▶ **Problem details**:
What you print should match the entries exactly, only without the pictures.

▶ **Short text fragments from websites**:
▬▬▬▬▬▬▬▬▬▬

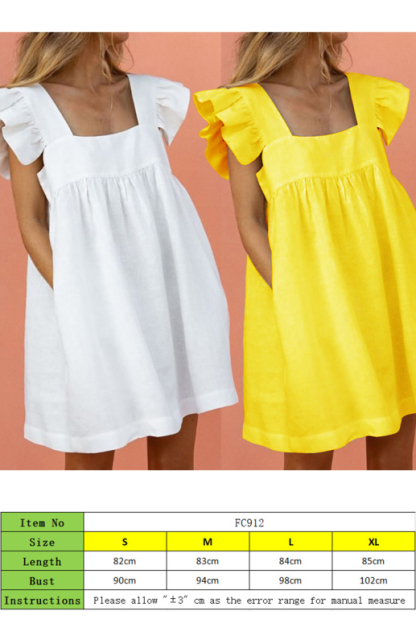Casual Loose Solid Color Vest Skirt-chiquechics
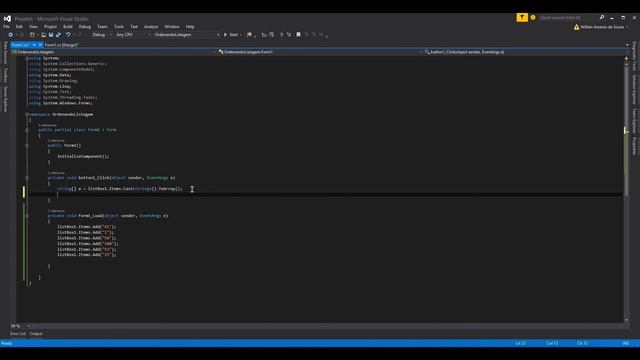 Ordenar ListBox C# смотреть онлайн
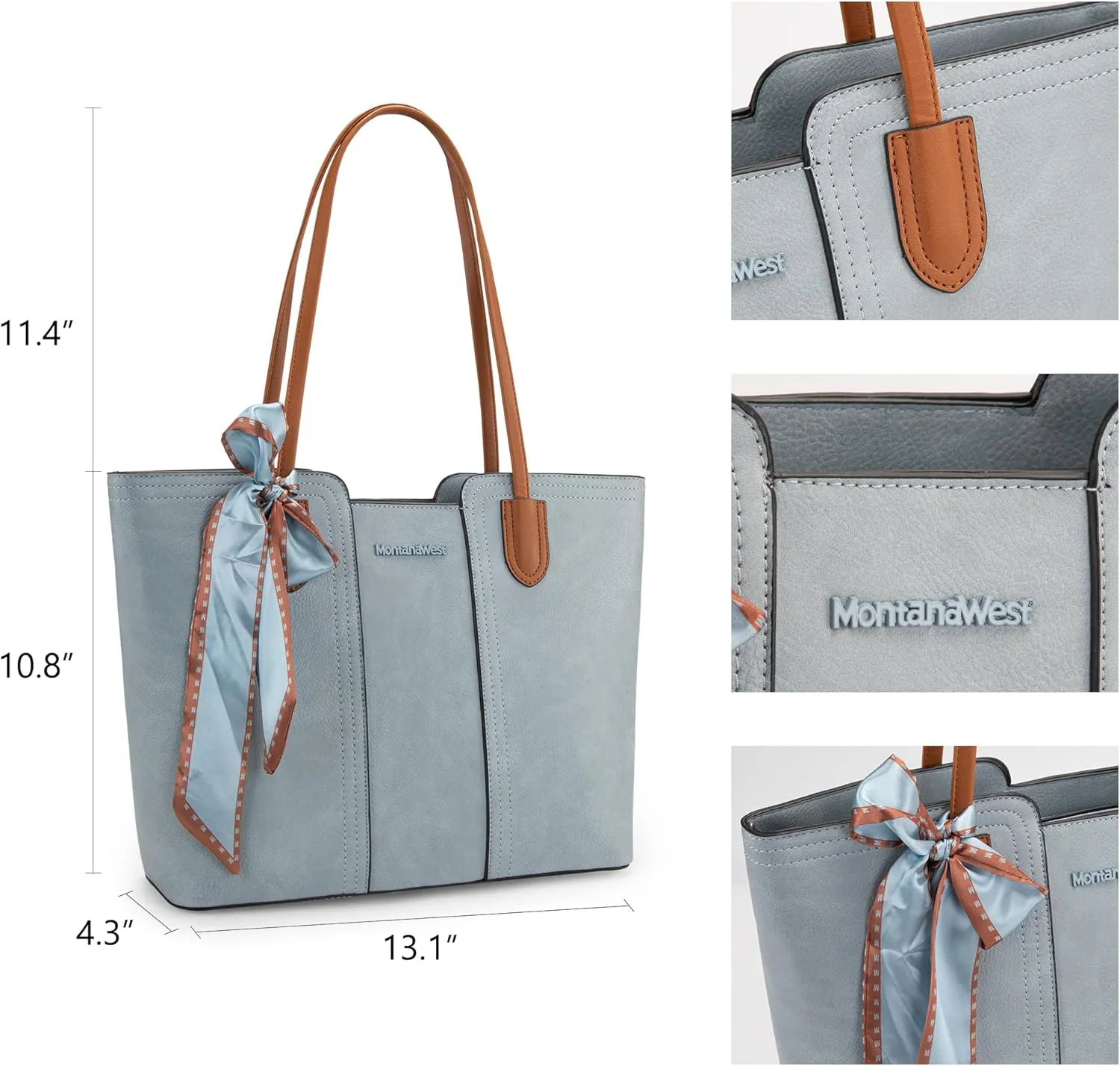 Montana West Tote Bags for Women Medium Top Handle Satchel Purses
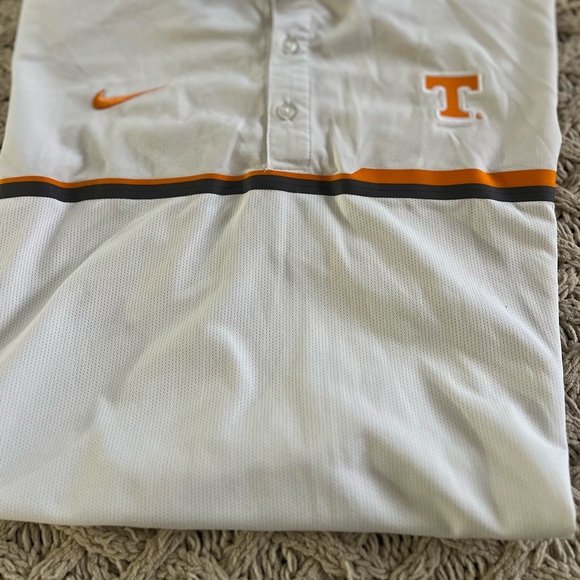 NIKE dri-fit University of Tennessee Vols White Polo size XXL - Picture 10 of 16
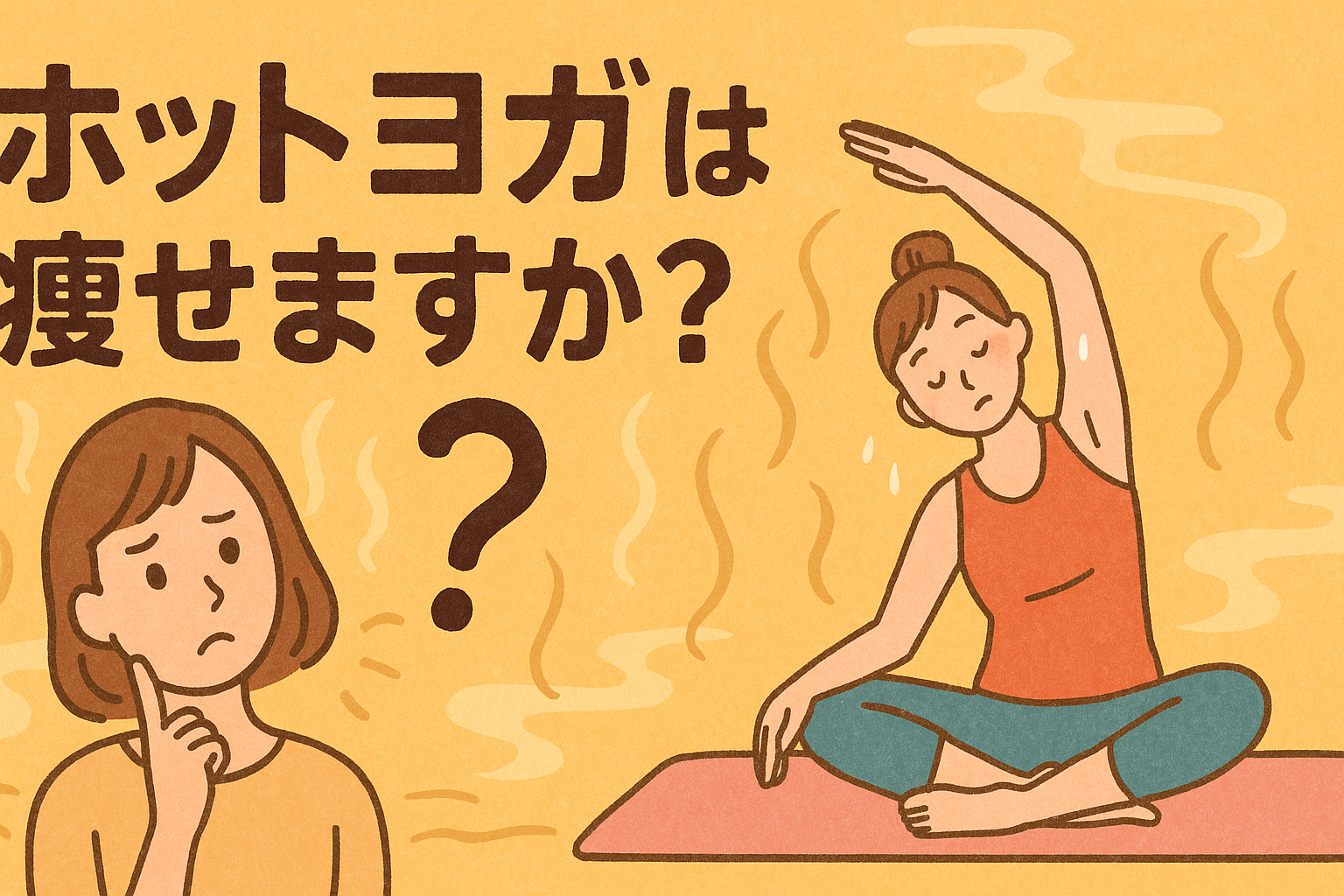 「ホットヨガは痩せますか？」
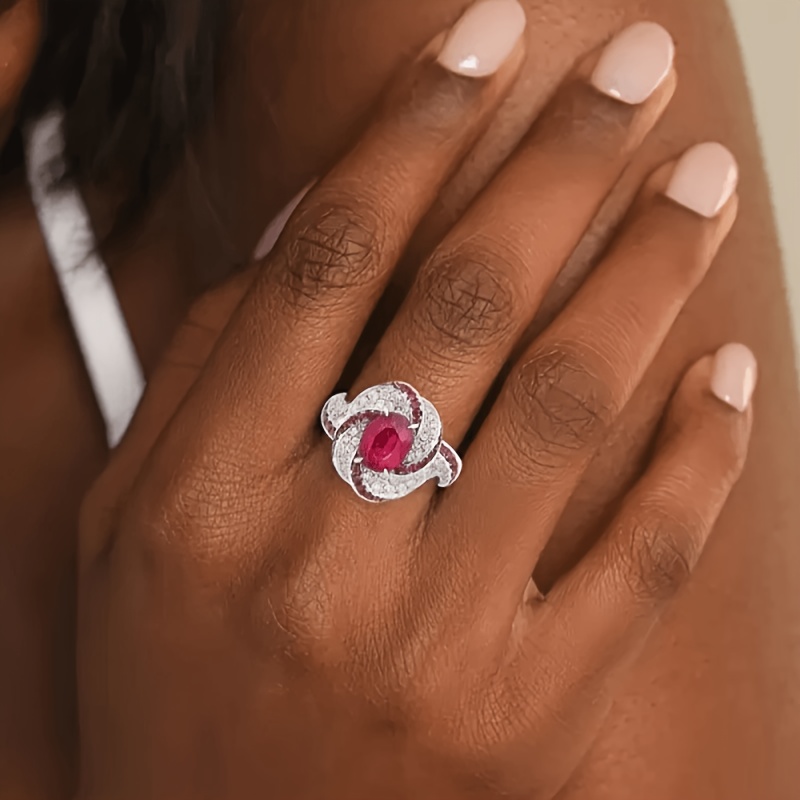 Gorgeous Light Luxury Ring Inlaid with Synthetic Zirconia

▬▬▬▬▬▬▬▬▬▬

▶ **Answer for the task**:
Casual Loose Solid Color Vest Skirt-chiquechics
 Ordenar ListBox C# смотреть онлайн
 Montana West Tote Bags for Women Medium Top Handle Satchel Purses
 NIKE dri-fit University of Tennessee Vols White Polo size XXL - Picture 10 of 16
 「ホットヨガは痩せますか？」
 Gorgeous Light Luxury Ring Inlaid with Synthetic Zirconia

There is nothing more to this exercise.